L’amore paterno di Dio l’ha presa per mano, l’ha guidata verso una continua preghiera – la mia vita è una continua preghiera, tutti i palpiti del mio cuore, i battiti del mio polso, i miei respiri, intendo siano tanti atti d’amore -; la presenza amorosa di Dio ha offerto luce alla sua sofferenza ed è stata il segreto della sua felicità.

La vita quotidiana è per tutti il luogo della santificazione, attraverso i piccoli gesti dell’amore che sa donarsi senza riserve al progetto di Dio, che può volere solo il nostro bene.

 

 

Dal Diario della beata Cecilia Eusepi

Io amo Gesù, ma non sento nessun trasporto; quando prego sono continuamente distratta, non sento più quel fervore che sentivo una volta, non penso più tanto spesso a Gesù, eppure io vorrei pensarci non ogni minuto, ma ogni secondo. Però mi consolo pensando che essendomi offerta a Gesù, anche non pensando a Lui, io lo amo, la mia vita è una continua preghiera, tutti i palpiti del mio cuore, i battiti del mio polso, i miei respiri, intendo siano tanti atti d’amore. E non è, dunque, questo un continuo pregare, un continuo amare? Desidero sapere se è giusto questo che io penso. Il «Piccolo Niente» è tutto di Gesù, anche i peccati io ho offerto a Gesù, se mi lasciassi quelli, non sarei più un niente, perché il niente non ha niente. Gesù si è degnato farsi conoscere alla povera anima mia, conosco Gesù, per questo sono felice, prima mi agitavo per ogni mia infedeltà, adesso no, se mi agitassi, non conoscerei la mia debolezza, e la bontà del buon Dio.

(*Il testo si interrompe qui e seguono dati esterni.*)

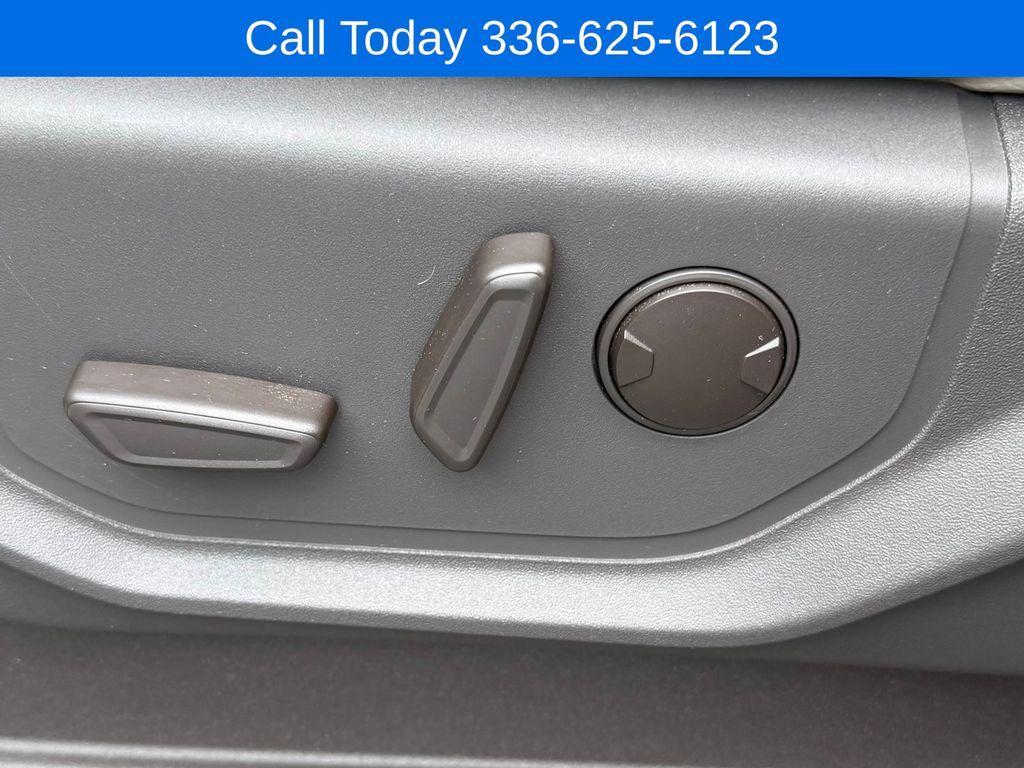 used 2020 Ford Expedition car, priced at $25,784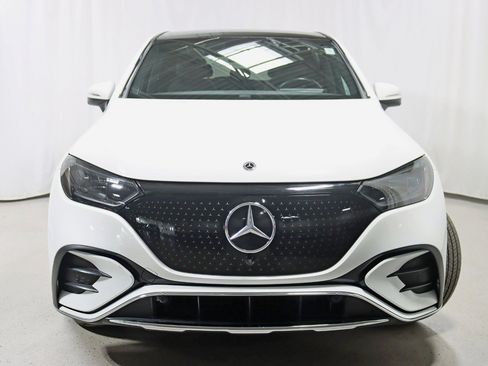 Used 2023 Mercedes-Benz EQE 350+ 4MATIC SUV w/ AMG Line Exterior Package image 8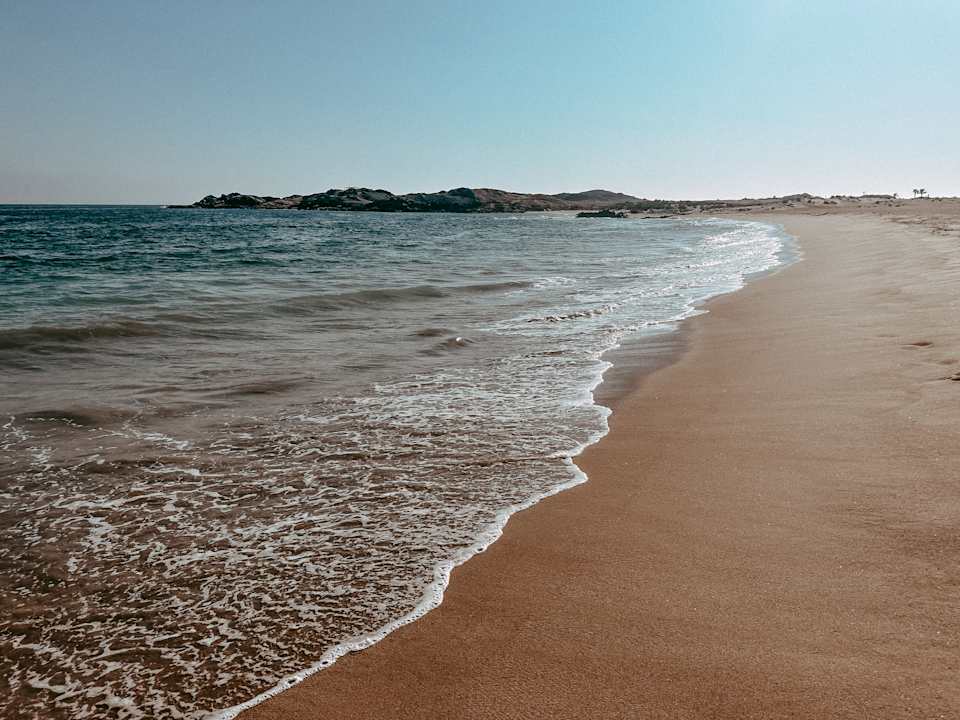 Strand Alila Hinu Bay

[…] Vorrei che Gesù si manifestasse a tutti, si facesse conoscere, come si è fatto conoscere a me, allora non vi sarebbe più disperazione, ma solo amore. L’offesa più grande forse che noi possiamo arrecare a Gesù, è la mancanza di fiducia nella Sua misericordia, se gli uomini, anch’essi sanno perdonare e dimenticare, gli uomini i quali posseggono una minima parte della misericordia infinita che possiede, che ha Dio, come potremo dubitare, senza offenderlo grandemente, che ci perdoni Dio? Il Piccolo-Niente vorrebbe buttar fuori tutto ciò che pensa, che sente, che conosce, ma non può, non sa, vorrebbe buttarlo fuori per darlo alle anime. Il piccolo giglio di Gesù, prima di sfogliarsi, si apre, per dare a tutti ciò che in esso ha messo Gesù, vorrebbe dire a tutti le misericordie di Dio, per attrarre tutti verso di Lui, vorrebbe sfogliarsi cantando, «Dio è amore».